Si la loi était si bien décrite, on n’aurait pas besoin d’un juge, un simple gars qui exécute à la lettre un livre de règles qu’édictent la loi (façon machine de Turing) pourrait rendre un jugement. Or la loi n’est pas sans ambigüité et elle laisse une marge d’appréciation (le fameux terme “manifestement” par exemple).
Dans mon boulot, j’ai souvent ce genre de problème lorsque je dois formaliser dans un programme informatique, un système décisionnelle qui était fait jusqu’à présent à la main. Les gars qui font ça à la main, arrivent assez facilement à le faire, mais ils aimeraient bien pouvoir l’automatiser. Et même si ça parait simple, en effet, les 2-3 principales règles sont assez basiques, on arrive très vite sur des cas où on rajoute des exeptions (le fameux :“alors, oui, mais pour ce cas là, je le connais, il faut faire comme ça”), qu’il faut rajouter des règles, certain règles font appelle à une expertise personne…. A ceci on rajoute que le “feeling” du gars est une heuristique permettant de trouver une solution suffisante à un problème NP-complet.
#10
Tu confond encore: tu associe algo et informatique. Suivre une recète de cuisine, c’est déjà suivre un algorithme. Mon propos n’est pas de se focaliser sur les moyens de réaliser un algorithme mais sur le fait que, plus il sera détaillé, moins ils y aura d’arbitraire et plus il y aura d’égalité.
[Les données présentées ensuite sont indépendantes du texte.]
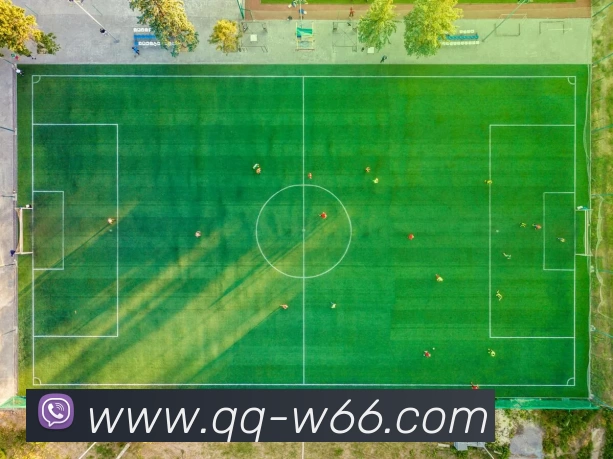 美媒对比杰夫格林与KD新秀赛季定妆照展现岁月轮回之美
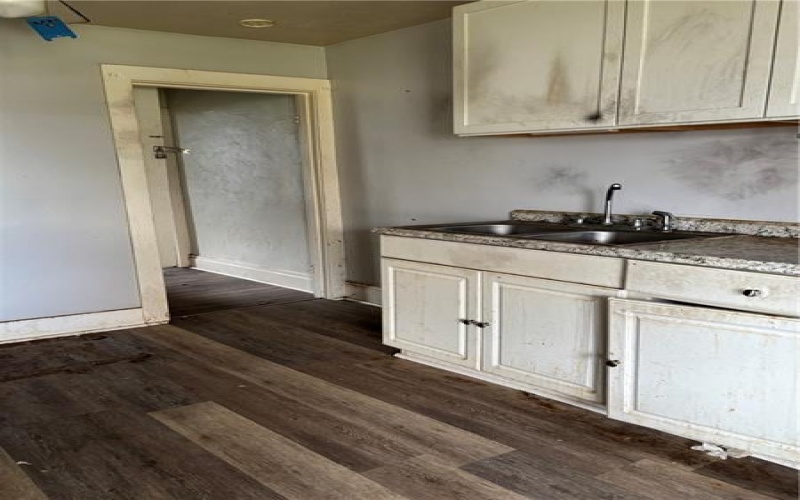 231 Barr Street, Canonsburg, 15317, 2 Bedrooms Bedrooms, ,1.1 BathroomsBathrooms,Residential,For Sale,Barr Street,1771012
Donc, à mon avis, il est utile de définir et rendre public les algorithmes permettant de prendre des décisions. Après, comme tu le dit, il y a toujours des cas tordus qui ne peuvent pas être prévus sans que cela tourne à l’usine à gaz. Dans ces cas, comme pour les jugements, il faut rendre public les noms de ceux qui sont intervenus (et pas une commission opaque), et rendre des comptes sur les éléments ayant fait basculer les choix pour permettre la contestation. C’est le seul moyen de sortir de l’arbitraire actuel qui fait la loi à l’éducation nationnale et pour tous les choix d’orientation. Cela commence dès le collège.